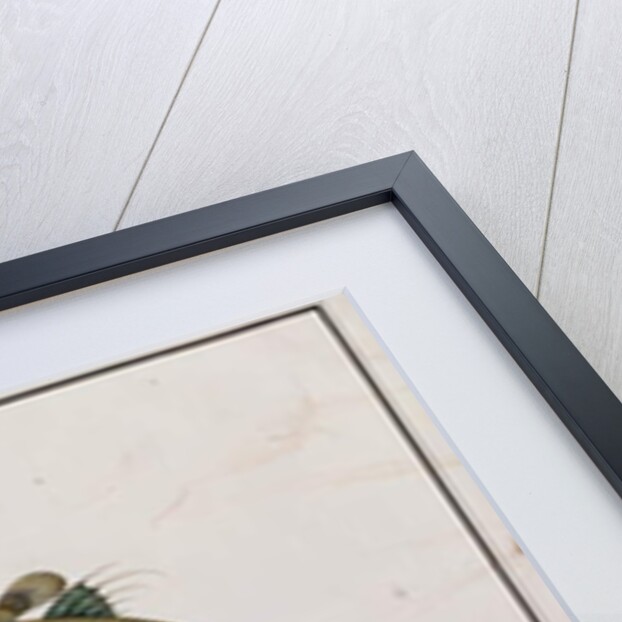 Mud Fish, Bloodo chiena, Bloodo La-ore by School Chinese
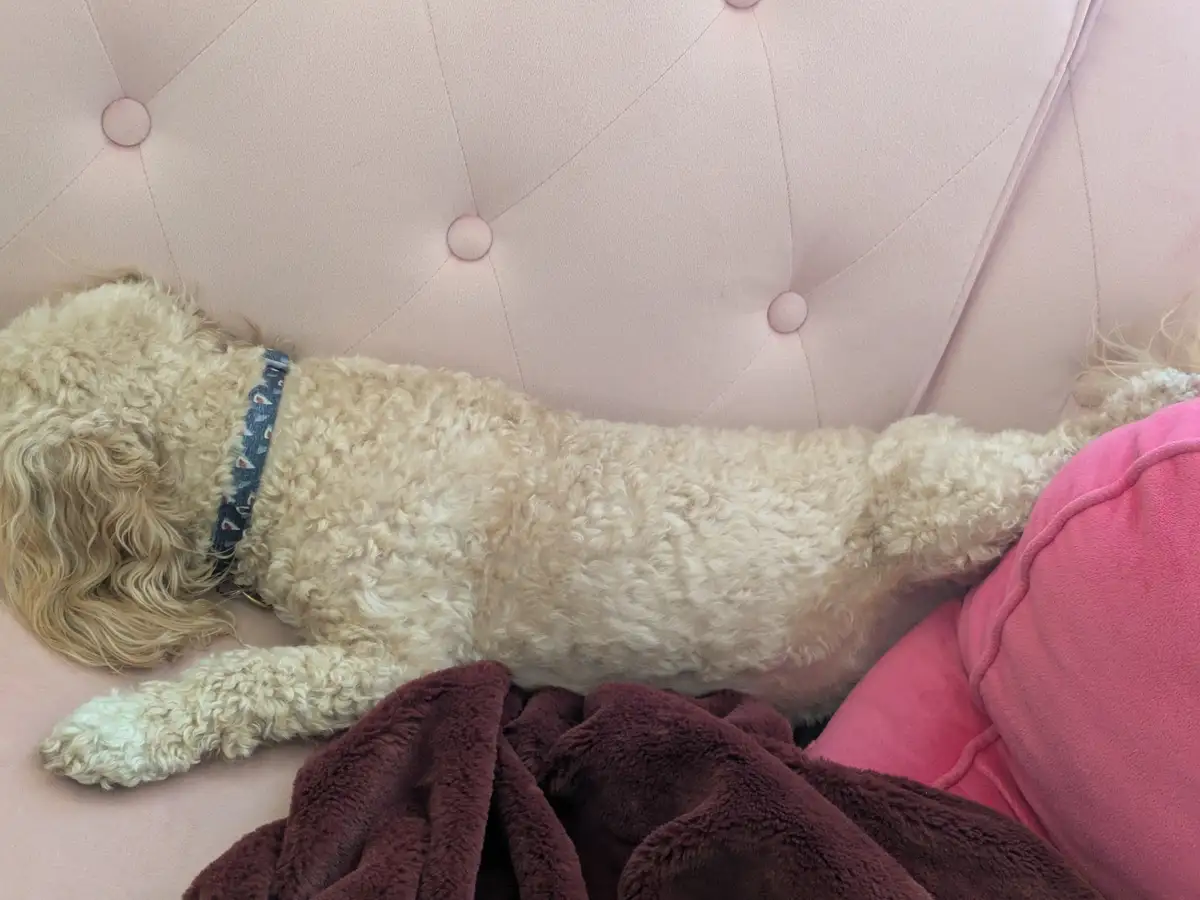 A light-colored, curly-haired dog is lying stretched out on a pink tufted couch, wearing a patterned collar. A maroon…
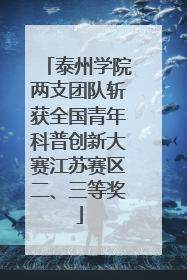 泰州学院两支团队斩获全国青年科普创新大赛江苏赛区二、三等奖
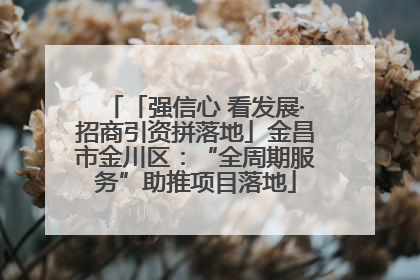 「强信心 看发展·招商引资拼落地」金昌市金川区：“全周期服务”助推项目落地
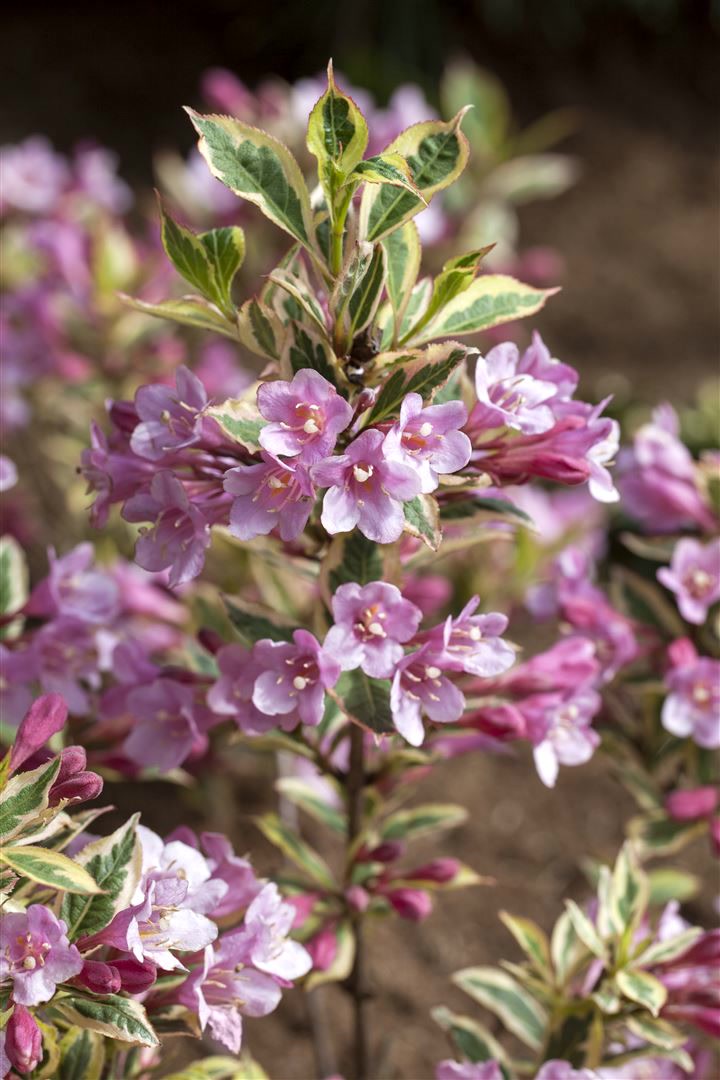 Weigela florida 'Magical Rainbow', Weigelie, buntes Laub, 30&ndash;40 cm - Bild 1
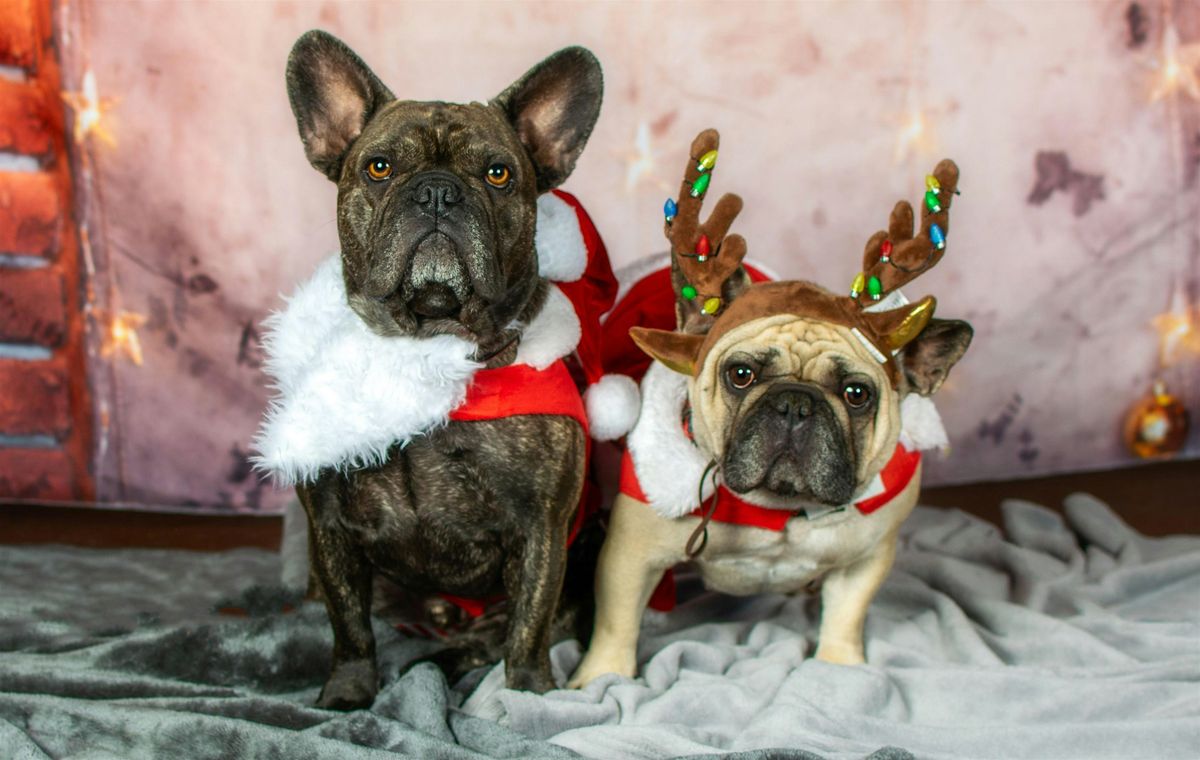 Holiday Pet Portrait Day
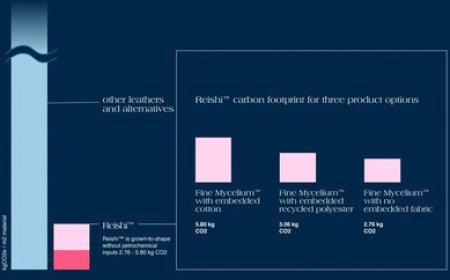 MycoWorks Reaches New Milestone with the Next Iteration of Fine Mycelium™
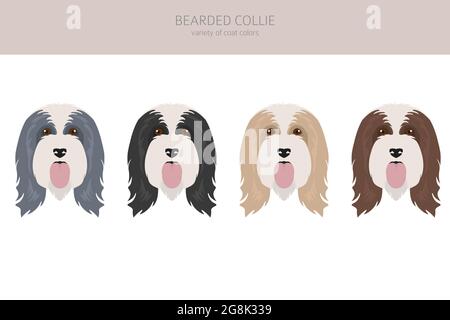 Clipart de collie barbu. Différentes couleurs de pelage et poses. Illustration vectorielle Illustration de Vecteur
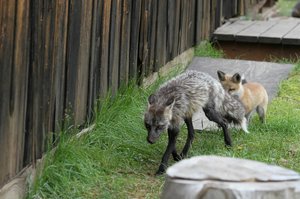  Fox comes towards group of photogs with kit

Try it: Could you reproduce the listing above exactly and drop every picture?

Finished task:
 Mud Fish, Bloodo chiena, Bloodo La-ore by School Chinese
 A light-colored, curly-haired dog is lying stretched out on a pink tufted couch, wearing a patterned collar. A maroon…
 泰州学院两支团队斩获全国青年科普创新大赛江苏赛区二、三等奖
 「强信心 看发展·招商引资拼落地」金昌市金川区：“全周期服务”助推项目落地
 Weigela florida 'Magical Rainbow', Weigelie, buntes Laub, 30&ndash;40 cm - Bild 1
 Holiday Pet Portrait Day
 MycoWorks Reaches New Milestone with the Next Iteration of Fine Mycelium™
 Clipart de collie barbu. Différentes couleurs de pelage et poses. Illustration vectorielle Illustration de Vecteur
  Fox comes towards group of photogs with kit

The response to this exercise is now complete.